BJJ focuses a lot on joint locks and chokes. From a self-defense standpoint joint locks are lower priority than chokes. It doesn’t matter if an attacker is a drug-addled hulk who doesn’t feel pain. If he has no blood flowing to his brain, you get to walk away. The chokes do not cut off air, but rather blood flow through the Carotid arteries. Literally, someone can still breath while being rendered unconscious. They often don’t know what’s happening until they’re waking up.
The joint locks can be used to cause life-altering destruction to someone’s limbs. Things like Knee-bars, Arm-bars, Heel-hooks, Oma Plata’s, and Kimura’s can all cause significant injury- things you will recover from eventually but will probably never be the same again.
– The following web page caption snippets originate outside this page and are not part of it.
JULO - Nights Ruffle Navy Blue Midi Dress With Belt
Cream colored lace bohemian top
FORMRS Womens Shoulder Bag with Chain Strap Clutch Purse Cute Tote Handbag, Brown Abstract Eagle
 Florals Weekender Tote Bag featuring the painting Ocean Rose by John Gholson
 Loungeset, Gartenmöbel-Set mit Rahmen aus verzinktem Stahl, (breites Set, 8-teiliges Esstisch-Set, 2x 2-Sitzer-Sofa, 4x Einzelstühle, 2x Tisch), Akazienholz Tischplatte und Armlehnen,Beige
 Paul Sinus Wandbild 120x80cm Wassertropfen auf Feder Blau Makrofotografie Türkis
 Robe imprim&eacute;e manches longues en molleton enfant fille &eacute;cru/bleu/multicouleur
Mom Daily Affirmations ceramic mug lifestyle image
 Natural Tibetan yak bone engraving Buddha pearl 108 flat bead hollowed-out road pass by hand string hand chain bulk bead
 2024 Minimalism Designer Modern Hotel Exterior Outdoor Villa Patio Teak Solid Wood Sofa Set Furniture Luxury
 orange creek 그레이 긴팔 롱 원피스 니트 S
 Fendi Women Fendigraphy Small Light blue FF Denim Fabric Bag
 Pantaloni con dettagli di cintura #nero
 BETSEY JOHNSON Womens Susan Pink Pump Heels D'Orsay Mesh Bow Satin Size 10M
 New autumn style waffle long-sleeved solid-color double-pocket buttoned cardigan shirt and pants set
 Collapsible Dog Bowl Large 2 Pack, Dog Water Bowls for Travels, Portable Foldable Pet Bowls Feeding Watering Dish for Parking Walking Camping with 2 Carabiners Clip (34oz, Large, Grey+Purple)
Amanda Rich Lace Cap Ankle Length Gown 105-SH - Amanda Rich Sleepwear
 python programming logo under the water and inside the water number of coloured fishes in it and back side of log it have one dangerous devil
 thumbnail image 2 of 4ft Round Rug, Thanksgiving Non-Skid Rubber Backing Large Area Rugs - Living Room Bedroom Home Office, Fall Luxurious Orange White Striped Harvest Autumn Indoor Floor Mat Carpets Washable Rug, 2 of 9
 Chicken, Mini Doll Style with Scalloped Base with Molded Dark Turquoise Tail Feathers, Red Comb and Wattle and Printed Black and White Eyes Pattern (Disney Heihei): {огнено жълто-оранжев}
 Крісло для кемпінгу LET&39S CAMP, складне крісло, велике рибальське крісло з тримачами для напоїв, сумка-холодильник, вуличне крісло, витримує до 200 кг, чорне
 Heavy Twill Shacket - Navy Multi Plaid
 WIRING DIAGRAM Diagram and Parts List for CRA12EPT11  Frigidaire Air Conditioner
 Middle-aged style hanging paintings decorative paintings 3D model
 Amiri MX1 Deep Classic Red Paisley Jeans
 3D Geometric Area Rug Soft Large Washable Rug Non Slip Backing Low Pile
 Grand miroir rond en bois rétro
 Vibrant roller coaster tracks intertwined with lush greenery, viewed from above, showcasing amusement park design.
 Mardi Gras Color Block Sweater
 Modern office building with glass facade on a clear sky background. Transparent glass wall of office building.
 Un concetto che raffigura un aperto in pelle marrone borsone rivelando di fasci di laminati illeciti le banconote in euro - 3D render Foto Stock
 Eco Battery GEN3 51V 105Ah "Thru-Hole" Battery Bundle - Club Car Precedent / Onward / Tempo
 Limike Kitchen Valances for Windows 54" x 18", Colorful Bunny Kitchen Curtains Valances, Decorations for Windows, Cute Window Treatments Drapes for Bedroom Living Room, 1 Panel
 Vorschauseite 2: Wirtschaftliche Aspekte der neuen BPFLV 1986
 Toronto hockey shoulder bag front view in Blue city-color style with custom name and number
Things like full rotator cuff tears (from shoulder locks), disruption if muscle insertions (from bicep/calf slicers), and Maisonneuve injuries to the lower leg (from heel hooks) are not minor injuries.
What I like about it is that it’s very practical. We’ve all seen these Youtube “martial artists” teaching things they’ve either learned from Hollywood or just made up that are in no way realistic. Just looking at their technique you think, “that would never work in real life.” BJJ actually works practically. Obviously nothing is one-hundred percent effective, but its extremely high percentage effectiveness over other marital arts has led to it being coined “the King of Martial Arts”.
My BJJ school is under Master Marcio and owned and operated by head instructor Charlie McShane. Marcio is one of “the Famous Five” black belts under Rolls Gracie. He is responsible for bringing the now famous Triangle choke to the fore in modern BJJ. He is also the founder of Gracie Sports USA and Team Macarra BJJ under which I train. Marcio is a great instructor, is definitely a hugger, and is as Brazilian as they come. He’s super fun to be around.
Marcio married into the Gracie family. Marcio’s son Nieman Gracie is a revered, professional MMA fighter in the welterweight division of Bellator MMA. Marcio’s daughter Deborah Gracie Stambowsky is the second female in the Gracie family to achieve the rank of black belt.
Interestingly, one of the things about ministry is that the reward for it doesn’t come in this life. There are really no “attaboy’s” or the proverbial pats on the back. One has to get used to that. Real progress in ministry is on a spiritual level, not a numerical one which makes it really difficult to see, in some cases impossible. If you’re a goal oriented person, ministry might frustrate you for this reason. While two plus two equals four in the material world, a spiritual leader who does something plus something else does not always get the same result in his ministry. Sometimes he sees no result at all.
I suppose this may be part of what is so satisfying about learning something like BJJ. It adds an aspect to my life in which there are milestones and where progress is more visible. I suppose that and many other reasons are why I think I’ll continue training as long as the Lord gives me the ability.